C’est en passant à Cracovie que je me suis souvenu de notre instituteur qui nous avait projeté « Nuit et brouillard », le film d’Alain Resnais. A la fin, il nous a posé une effrayante question : « Qu’auriez-vous fait à cette époque ? » J’avais dix ans à peine.
A l’aube, après 2900 kilomètres parcourus en 48 heures, nous devons arriver à Lviv en Ukraine, pour livrer une ambulance, du matériel médical et des médicaments pour les hôpitaux. A la frontière, notre convoi est retenu au poste de Medyka. Six véhicules et quatorze personnes. Quatorze sapeurs pompiers. Il nous est formellement interdit de porter l’uniforme. Certains collègues décident de découdre blasons et liserât rouge de leur pantalon. Les logos des véhicules sont remplacés par de simple « Action Solidaire Pompiers » ou encore « Rescue Fire ».

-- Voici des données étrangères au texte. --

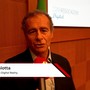 Talotta (Digital Realty): "Accelerare le infrastrutture per sostenere la domanda digitale" Talotta (Digital Realty): "Accelerare le infrastrutture per sostenere la domanda digitale"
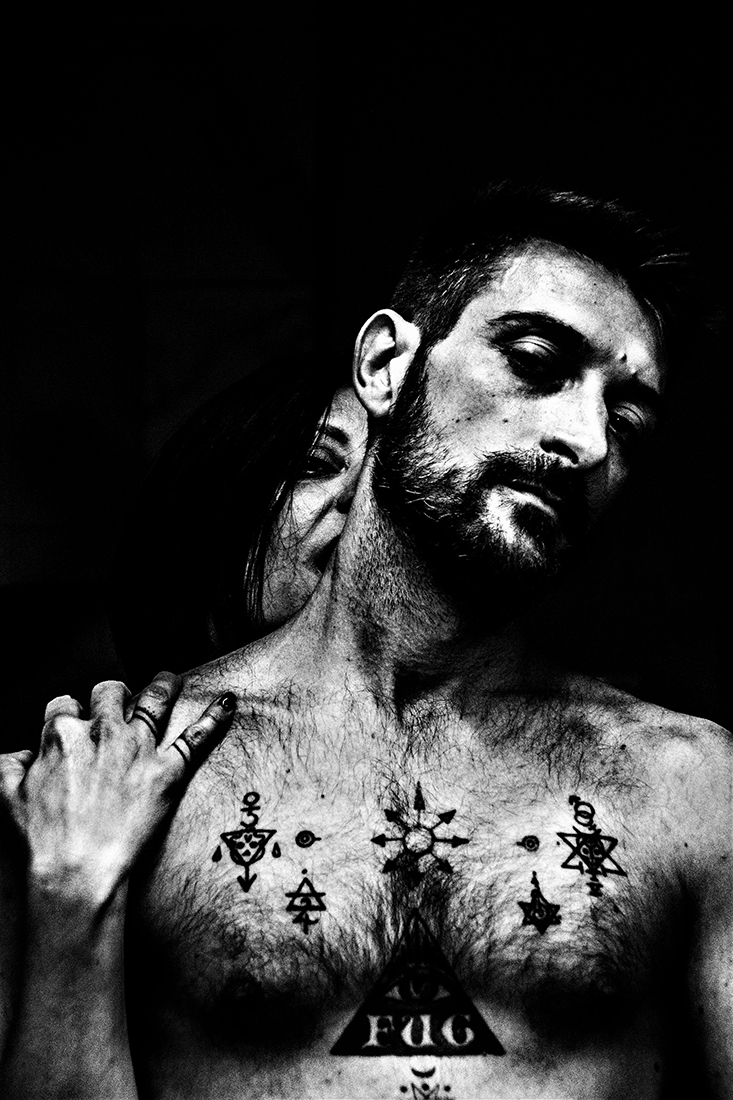 bl▲cK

Un flot permanent de réfugiés franchit la frontière. 1200 réfugiés par heure. Une cadence qui laisse présager de ce qui se trame là bas. Les services polonais sont d’une efficacité extraordinaire et de très nombreuses associations et ONG sont présentes pour accueillir quotidiennement des dizaines de milliers de réfugiés en partance pour l’Europe : tout est gratuit, hébergement, cartes Sim, soins médicaux, transports…
Cette nuit, une trentaine de missiles est tombée à 20 km à peine de la frontière polonaise sur la base militaire de Yavoriv : 135 blessés, 40 morts. Nous étions attendus dans une caserne de Lviv pour éventuellement prêter main forte aux pompiers ukrainiens. Mission annulée. Les autorisations comme les portes se referment une à une, sans trop savoir ce que sera demain.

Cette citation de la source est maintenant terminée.